Look at the person opposite you. Just a quick glance… Try not to stare.
Think of the sentient being they are at this exact event in time.
Perhaps there’s no one… even better.
Envision the once in the universe entity inside of you… feeling the experience of living your one and only movie — momentous, frame by frame.
Johnny Galceran is a U.S. based artist creating cinematography that projects, bonds and interacts with his paintings, drawings, and silkscreens incorporating the same subject in both the video and the art. Galceran’s work deals with the mystery of existence and its mystic chord to each point in time. He calls this form of theme and art Textured Eventism.
Textured Eventism uses analog and digital combined to reconstruct and form a new view of the relationship between time and place, stasis and movement, the present and memory, and solidity and the ephemeral. The art is formed within an event of motion, space, light, and time.
Galceran designed and made art for productions by Steven Spielberg, Tim Burton, Warner Brothers Studios, Midway Video Games, and the El Paso Herald Post. In addition, he was a semi-finalist in the Chesterfield Writer’s Film Project, sponsored by Amblin Entertainment and Paramount Pictures. He was also in the top 20 percent at the Austin Film Festival Screenplay Competition and was a recipient of the Panavision New Filmmaker program. He’s been featured on NPR, Glasstire Texas Visual Art, and the El Paso Times.

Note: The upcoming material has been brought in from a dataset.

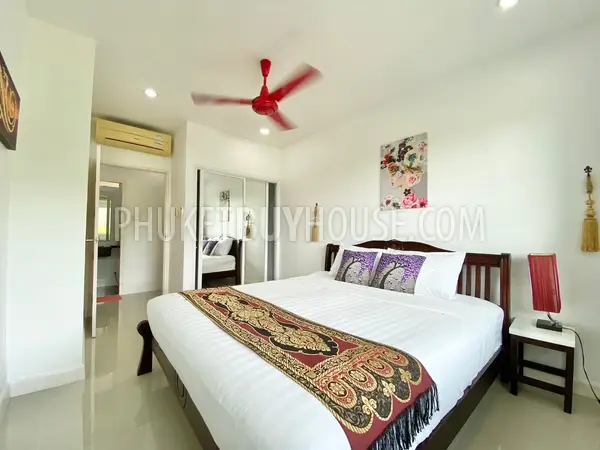 CHA5811: Luxury Eight Bedroom Villa in Chalong. Photo #37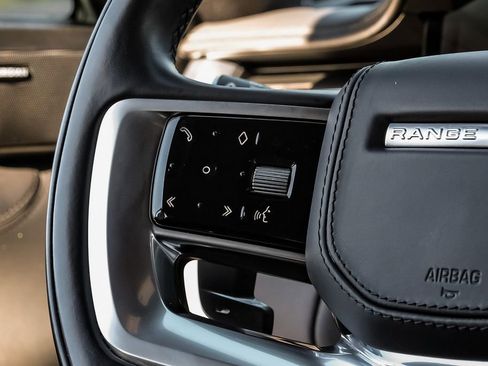 Used 2023 Land Rover Range Rover SE image 15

Of the Multitude of Influences:
“For those of us who believe in physics, the distinction between past, present and future is only a stubbornly persistent illusion". — Albert Einstein, physicist.
“It’s the simultaneous quality. When you look at a painting, you get everything immediately. In painting you get the beginning, middle and the end – and then you get the beginning, middle and end again.” —Julian Schnabel, artist, filmmaker.
“There is a fundamental distinction between a still picture and a movie… You bring your time to the painting; the film imposes it's time on you.” — David Hockney, artist.
“My fascination with letting images repeat and repeat or in film's case 'run on' manifests my belief that we spend much of our lives seeing without observing.” — Andy Warhol, artist.